Nearly a quarter of the downtown office space has now gone dark, but analysts see light when oil pipelines start flowing
gulf_canada_square
The 80,788-square-foot fourth floor of Gulf Canada Square in Calgary represents one of the largest single downtown office spaces for lease in Canada. | GWL Realty Advisors

When one thinks of wide-open Alberta space it is often ranches that come to mind, not acres of concrete and carpeted offices in the downtown of the province’s biggest city.

Yet that is the reality in Calgary where the office vacancy rate rose once again, towering to 24.6 per cent in the third quarter of 2019 to remain the highest in Canada.

Total empty office space downtown covers 11.4 million square feet, equal to more than 240 acres, with 72 per cent of that in head leases and the remaining 3.2 million square feet in sublease space that has been shoved back onto the market. 

“Almost half the sublease space currently on the market is set to expire in the next five years,” according to a late-2019 survey by Avison Young, Calgary.
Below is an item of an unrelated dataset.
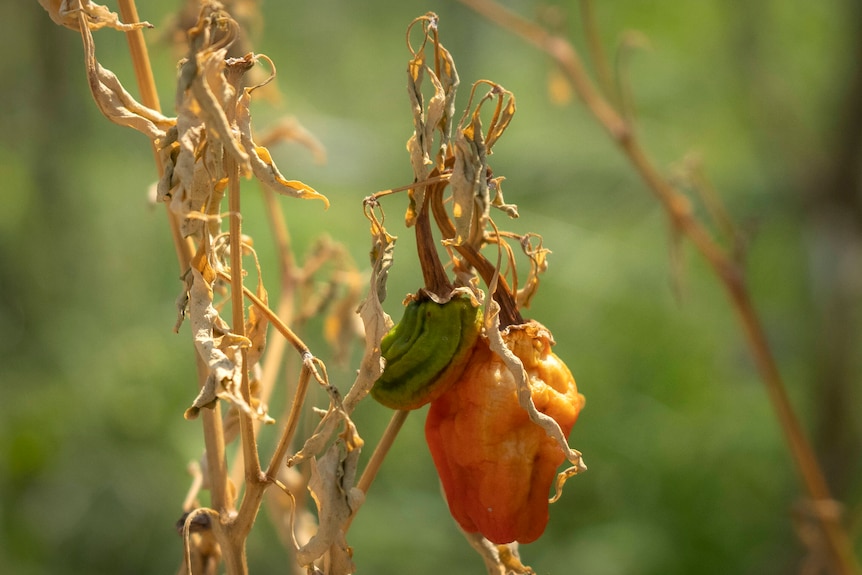 A wilted plant contains a shriveled pepper.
By that time, the commercial agency forecasts, Calgary’s office and economic recovery could be underway.

But the downtown office absorption went negative in Q3 2019, and Avison Young’s most optimistic forecasts of 800,000 square feet being taken up each year – which is nearly twice the pace seen in 2019 – would mean Calgary’s downtown vacancy would decline to 16 per cent by 2024. If the current absorption rate continues, the vacancy rate would still be in the 20 per cent range four years from now.

The Conference Board of Canada, in its provincial outlook released in January, said the start this year of the Trans Mountain oil pipeline expansion (TMX) from the Alberta oilsands to B.C. tidewater will help drive Alberta’s economic growth to 2.4 per cent in 2020, up from 0.2 per cent in 2019, and to 3.1 per cent in 2021. The board, however, does not expect the TMX to begin carrying oil until 2023, or Alberta’s real business investment to recover until 2024.
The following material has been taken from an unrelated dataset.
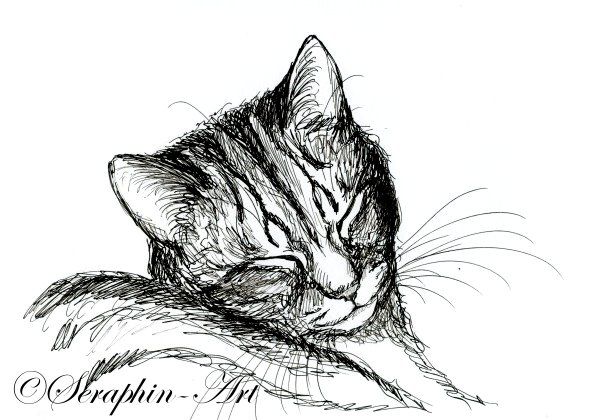 600x420 Drawing Cat Seraphin Art - Cat Ink Drawing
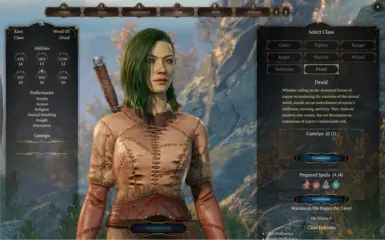 可玩的德鲁伊职业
Meanwhile Avison Young counted 13 office offerings in downtown Calgary with more than 100,000 square feet as one contiguous block. These blocks of space represent 28 per cent of the total office space vacant downtown.

Among these giants is the 80,758-square-foot fourth floor of the 20-storey Gulf Canada Square tower at 401 9th Avenue SW, a Class A mixed-use building that covers a total of 1.1 million square feet. At 697  feet in length, the vacant space covers two city blocks downtown.
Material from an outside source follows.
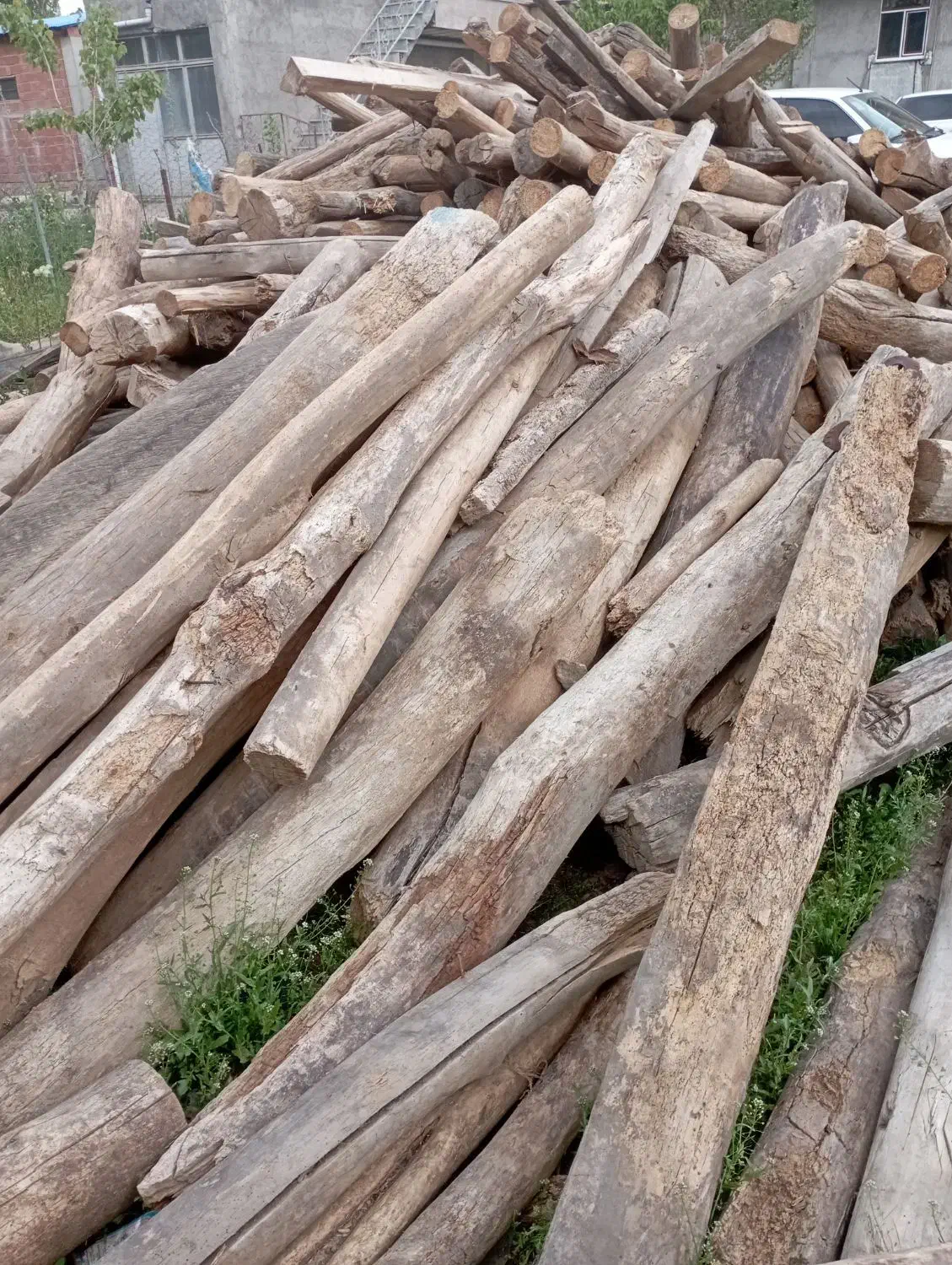 خرید چوب آلات کهنه|خدمات باغبانی و درختکاری|کوثر, |دیوار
Gulf Canada Square is managed  by GWL Realty Advisors. A major oil-and-gas tenant had held the fourth floor and it came back to GWLRA through a lease renegotiation.

“The space has not leased, but we have had a few interested parties since our broker open house in November,” said Lucas Beck, senior manager, leasing, for GWLRA on January 8. “Given the massive floor plate, we have four e-scooters on the floor to make it easier to get around on a tour.”

Lucas Beck
Lucas Beck, senior manager, leasing for GWL Realty Advisors, uses an electric scooter to tour potential tenants through big office offerings. | Submitted

Beck said the lease rate is dependent on the term but “it would be market rate for Class-A space and enough TI [tenant improvement] to build out the space to a reasonable spec.”

The current Class A lease rate in downtown Calgary is around $23 per square foot, according to Avison Young.

Edmonton

In comparison with Calgary, Edmonton’s downtown office market is “stable,” according to Colliers International. 

In a Q3 survey, Colliers found 15.3 per cent of the city’s downtown office space vacant, representing just over 2.8 million square feet (the equivalent of 64 acres). This is a slight improvement from the 15.5 per cent vacancy rate in the second quarter of 2019.

In Q3 2019, the downtown recorded nearly 116,500 square feet of office absorption in the financial district but went negative by 57,750 square feet in the government district, which is worrisome.

Alberta’s new government aims to balance the books by 2023, and this could “potentially lead to negative [office] absorption as public-service and not-for-profit groups may lose funding, which could cause them to downsize,” Colliers cautioned.

Currently, the government represents 5.3 million square feet of Edmonton’s downtown office space and more than 13 per cent of it is already empty, including 207,000 square feet of Class A sublease space.